● **PROVIDED RECORDS**:
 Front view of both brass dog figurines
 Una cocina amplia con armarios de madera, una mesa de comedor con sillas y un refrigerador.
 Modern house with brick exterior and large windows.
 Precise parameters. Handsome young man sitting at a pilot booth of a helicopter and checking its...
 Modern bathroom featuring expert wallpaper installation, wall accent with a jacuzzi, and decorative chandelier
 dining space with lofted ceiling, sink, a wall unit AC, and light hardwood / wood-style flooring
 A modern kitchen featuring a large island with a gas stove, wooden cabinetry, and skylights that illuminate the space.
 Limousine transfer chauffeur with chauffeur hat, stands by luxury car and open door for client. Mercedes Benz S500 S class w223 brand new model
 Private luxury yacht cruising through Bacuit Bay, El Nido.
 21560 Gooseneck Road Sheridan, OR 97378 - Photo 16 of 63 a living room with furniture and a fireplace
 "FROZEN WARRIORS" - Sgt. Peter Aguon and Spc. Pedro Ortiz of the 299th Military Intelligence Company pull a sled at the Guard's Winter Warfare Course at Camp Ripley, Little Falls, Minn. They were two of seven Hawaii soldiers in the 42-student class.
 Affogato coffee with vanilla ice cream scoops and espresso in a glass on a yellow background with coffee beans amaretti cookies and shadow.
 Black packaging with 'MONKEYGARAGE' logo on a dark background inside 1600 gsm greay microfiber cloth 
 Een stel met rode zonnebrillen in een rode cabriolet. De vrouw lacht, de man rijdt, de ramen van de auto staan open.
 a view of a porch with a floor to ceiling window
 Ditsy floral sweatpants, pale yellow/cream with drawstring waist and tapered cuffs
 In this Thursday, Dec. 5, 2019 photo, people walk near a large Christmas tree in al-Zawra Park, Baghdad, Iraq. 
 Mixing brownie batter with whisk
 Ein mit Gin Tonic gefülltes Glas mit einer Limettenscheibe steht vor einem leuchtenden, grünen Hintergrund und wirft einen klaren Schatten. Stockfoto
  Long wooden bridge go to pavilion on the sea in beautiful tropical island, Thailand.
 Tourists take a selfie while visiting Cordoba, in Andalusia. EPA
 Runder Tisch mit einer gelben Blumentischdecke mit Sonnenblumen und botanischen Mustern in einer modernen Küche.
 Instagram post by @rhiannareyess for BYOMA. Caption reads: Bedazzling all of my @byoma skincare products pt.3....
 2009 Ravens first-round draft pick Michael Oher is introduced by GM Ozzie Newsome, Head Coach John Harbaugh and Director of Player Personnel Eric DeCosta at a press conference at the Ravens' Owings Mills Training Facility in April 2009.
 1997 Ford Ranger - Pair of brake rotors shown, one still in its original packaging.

● **WORK ORDER**:
A word-for-word copy of the lines above from the one with "Precise parameters. Handsome" through the one with "Private luxury yacht", inclusive, is the only output wanted.

● **TASK SOLUTION**:
 Precise parameters. Handsome young man sitting at a pilot booth of a helicopter and checking its...
 Modern bathroom featuring expert wallpaper installation, wall accent with a jacuzzi, and decorative chandelier
 dining space with lofted ceiling, sink, a wall unit AC, and light hardwood / wood-style flooring
 A modern kitchen featuring a large island with a gas stove, wooden cabinetry, and skylights that illuminate the space.
 Limousine transfer chauffeur with chauffeur hat, stands by luxury car and open door for client. Mercedes Benz S500 S class w223 brand new model
 Private luxury yacht cruising through Bacuit Bay, El Nido.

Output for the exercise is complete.